The western United States increasingly finds itself besieged by severe wildfires. To date in 2016, California has already lost nearly five million acres due to wildfire, including the deadly Soberanes Fire, which at over $200 million has become the most expensive fire to fight in US history. 

While many understand all too well the direct threat wildfires pose to lives, homes, and habitats, fewer may be aware that a primary driver of wildfire (unnatural forest density) also threatens the health and abundance of water supplies. While just 31 percent of the West is forested, 65 percent of the region’s water supply comes from forests.

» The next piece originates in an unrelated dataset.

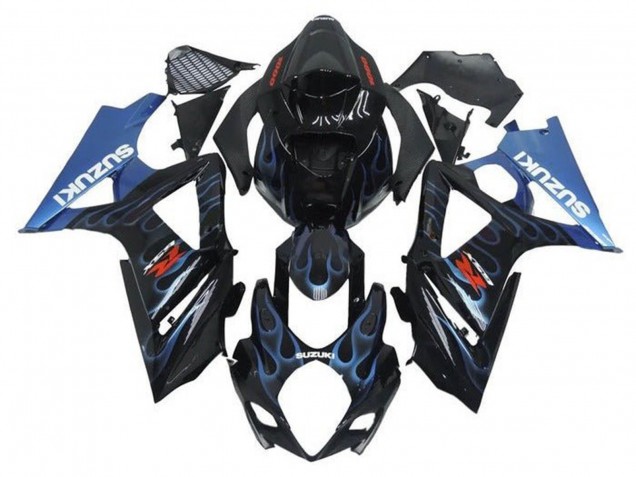 Carenagens Moto Suzuki GSXR 1000 2005-2006 - Preto Azul Claro Chama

By reducing the quantity and degrading the quality of melting mountain snowpack that reaches communities and farmers, unnaturally high forest density and resulting wildfires only prolong and exacerbate drought conditions.

The good news is that there is a proven and widely accepted solution to these twin challenges: forest restoration. Through the strategic removal of hazardous fuels – especially small and dying vegetation – forest restoration lowers the risk and intensity of catastrophic wildfires, protects the quality and abundance of water resources, and reduces the long-term carbon emissions that contribute to climate change.

Preventing bad fires is better than fighting them. Photo by Rob Glover/Flickr
Preventing bad fires is better than fighting them. Photo by Rob Glover/Flickr

Unfortunately, neither public authorities nor private landowners have the budget capacity to implement this solution on their own at the scale required. The US Forest Services increasingly finds itself fighting today’s fires with the funds designed to prevent tomorrow's while individual private landowners too often lack the significant upfront capital required for meaningful forest restoration.

Supported by a 2016 Conservation Innovation Grant from the National Resources Conservation Service, the American Forest FoundationBlue Forest Conservation, and the World Resources Institute have partnered to develop a new public-private partnership and financial instrument, called the Forest Resilience Bond (FRB), that aligns market incentives to restore key watersheds before the next fire strikes.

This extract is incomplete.